Md. Educator Named 2014 National Teacher Of The Year

It's that time of year again: school is winding down and students are almost out for the summer. But that also means it's time for the National Teacher of the Year award to be given to one outstanding educator.


Meet Sean McComb, an English teacher at Baltimore's Patapsco High School and Center for the Arts. At just 30 years old, he's one of the youngest ever to win the award.

In a video posted on the Teaching Channel, McComb talks about how he's able to use his difficult childhood experiences to relate to some of his students who are now going through similar situations.

'I grew up not knowing when the money was going to run out."

One of those students is Brandy, a teen mom who was kicked out of her home. She was planning to quit school, but McComb convinced her to continue her education.

'He's like a hero because without him I wouldn't be sitting here today. I really wouldn't."

"I think Brandy and I were brought together because we needed each other. Because Brandy has restored my hope in the resilience of the human spirit."

McComb was named Maryland Teacher of the Year last October.

In a press release, the State Superintendent of Schools Lillian Lowery said McComb was chosen because he "personifies the cutting edge Maryland educator. He is an energetic instructor, making certain his students set goals, commit to those targets, succeed, and move forward toward college or career."

That means McComb was automatically in the running for the National Teacher of the Year award.
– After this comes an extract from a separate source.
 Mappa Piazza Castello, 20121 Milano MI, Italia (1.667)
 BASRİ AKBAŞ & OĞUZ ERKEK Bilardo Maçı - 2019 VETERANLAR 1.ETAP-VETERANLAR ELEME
But the process wasn't a walk in the park - McComb had some homework to do.

He had to fill out a written application, get letters of recommendation and write eight essays on topics such as personal teaching philosophy and issues facing education.

And in December, McComb was announced as one of the four finalists up for the big award.

The Washington Post says McComb just recently found out he won the title. He was actually holding his then-11-day-old son Silas when the call came through.

McComb will now put aside his teaching duties for a year and travel around the world as an advocate for education.